Statutory damages which allow for up to $30,000 per infringement.

For statutory damages, the owner is not required to present proof of damages or profits. So, it is easy to see why copyright owners often prefer statutory damages. There is nothing to prevent a court from considering evidence concerning actual damages and profits in making an award of statutory damages within the statutory range, however, that is rare.

For our in-store display scenario, the infringer would be subject to a large enough award that a lawsuit would now become worthwhile for the copyright holder. Additionally, attorney fees are also available, paid by the defendant. That fact is a serious deterrent for infringers. Also, even though intent does not matter in copyright infringement (not knowing about the infringement, or it being accidental is not a defense), the Copyright Act allows up to an additional $150,000 per infringing work for willful infringement. How willful the infringement is and, therefore, how much of that $150,000 is awarded is up to the court.

https://alj.orangenius.com/copyright-infringed/

..........There goes Oduandina's Porsche.
 
Re: Four Seasons Tower @ CSC | 1 Dalton Street | Back Bay

This is a bad analogy because if you steal my car I don't have a car anymore. There would be actual negative consequences for me.

Compared to this photographer who has had literally no negative consequences from his photo being posted on AB. In fact, one could argue it's been a positive experience for him since everyone reading this thread is now aware of his existence.

Crowing about copyright infringement on a forum with 50 daily active users is akin to yelling at kids selling candy when they don't have a permit. It's a way for someone to feel morally superior by calling out a victimless crime.

I'm going to guess you are the type of person who would ask an artist to do a job for "exposure" instead of paying for the artist's work. You're a cheapskate, plain and simple.

It's also not a victimless crime. The artist should have been paid for the use of his photo on this forum by Ourandina. He got $0 for it. That's a loss of whatever he would have charged.
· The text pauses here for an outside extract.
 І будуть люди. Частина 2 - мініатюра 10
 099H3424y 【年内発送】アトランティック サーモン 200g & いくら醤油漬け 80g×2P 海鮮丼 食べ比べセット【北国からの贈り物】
A better analogy is not getting paid for a service you provide. Since you love using the lemonade stand/candy as an example which by the way is applied incorrectly since the vendor is the person selling the service (i.e. equivalent to the photographer), the correct analogy would be taking the kids' lemonade/candy without paying the kid and then telling the kid that it's fine to do so because you're going to tell everyone about the lemonade/candy stand that you can steal from.